Hemivertebrae should be resected thoroughly to avoid the residual tissue enlarging the pedicle screw strength.
If there is a larger space after hemivertebra resection or obvious kyphosis, a titanium cage should be implanted for the anterior reconstruction to increase the anterior stability.
If a vertebra block or rib deformity exists, a concave release operation should be carried out to decrease the pedicle screw strength.

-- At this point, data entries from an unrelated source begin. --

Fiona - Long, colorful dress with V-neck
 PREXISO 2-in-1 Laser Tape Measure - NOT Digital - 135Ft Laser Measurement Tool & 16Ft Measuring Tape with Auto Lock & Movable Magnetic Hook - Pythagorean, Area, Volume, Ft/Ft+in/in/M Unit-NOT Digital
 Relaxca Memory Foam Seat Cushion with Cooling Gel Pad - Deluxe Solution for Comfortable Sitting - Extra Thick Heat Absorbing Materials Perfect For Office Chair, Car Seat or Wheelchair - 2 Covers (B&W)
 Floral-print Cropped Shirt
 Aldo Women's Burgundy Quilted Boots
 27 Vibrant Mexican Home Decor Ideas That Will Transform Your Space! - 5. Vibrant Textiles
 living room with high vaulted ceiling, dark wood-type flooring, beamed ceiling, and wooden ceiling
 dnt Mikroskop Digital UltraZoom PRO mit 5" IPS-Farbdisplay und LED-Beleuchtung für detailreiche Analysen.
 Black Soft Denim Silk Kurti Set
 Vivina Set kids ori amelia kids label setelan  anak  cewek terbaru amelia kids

Vertebra fusion should be promoted to avoid non-union by implanting autogenous or allogeneic bone. As expected, no non-union was experienced in our study as autogenous or allogeneic bone grafting were adopted.
Conclusions
Posterior hemivertebra resection and monosegmental fusion is effective in treating congenital scoliosis. It can correct the deformity, and retains more active segments and growth potential in children, even in infants. Nevertheless, fixation complications are still one of the biggest challenges with this technique and this needs more attention in future studies.